→ **EXERCISE DATA**:
[Start of section]

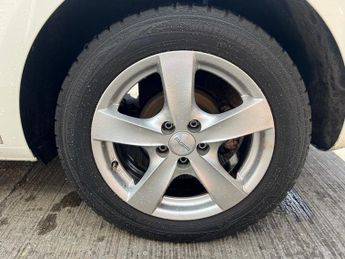 Audi A1 1.4 TFSI Sport 5dr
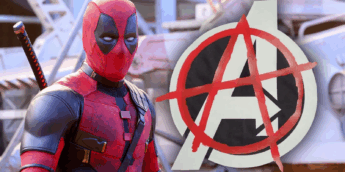 Ryan Reynolds finalmente fala sobre os rumores de Deadpool em Vingadores: Doomsday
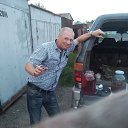 ���� ������, ���������, 55 ��� - ��������� 2 ����� 2023 � ������ ���� ����������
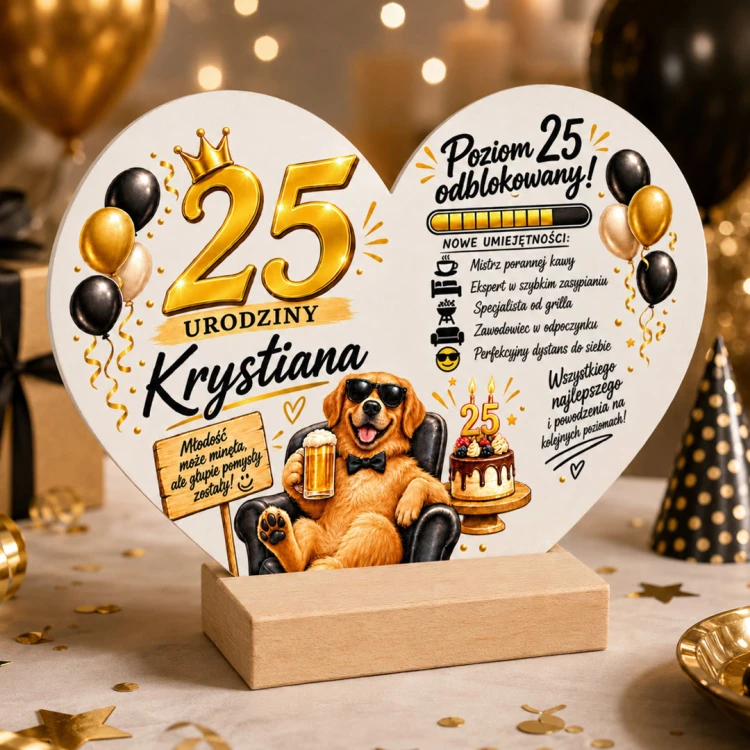 Prezent na 30 urodziny_11.jpg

[End of section]

→ **DESCRIPTION OF THE TASK**:
Write out every line above exactly as it is, leaving out the pictures.

→ **RESPONSE TO THIS EXERCISE**:
 Audi A1 1.4 TFSI Sport 5dr
 Ryan Reynolds finalmente fala sobre os rumores de Deadpool em Vingadores: Doomsday
 ���� ������, ���������, 55 ��� - ��������� 2 ����� 2023 � ������ ���� ����������
 Prezent na 30 urodziny_11.jpg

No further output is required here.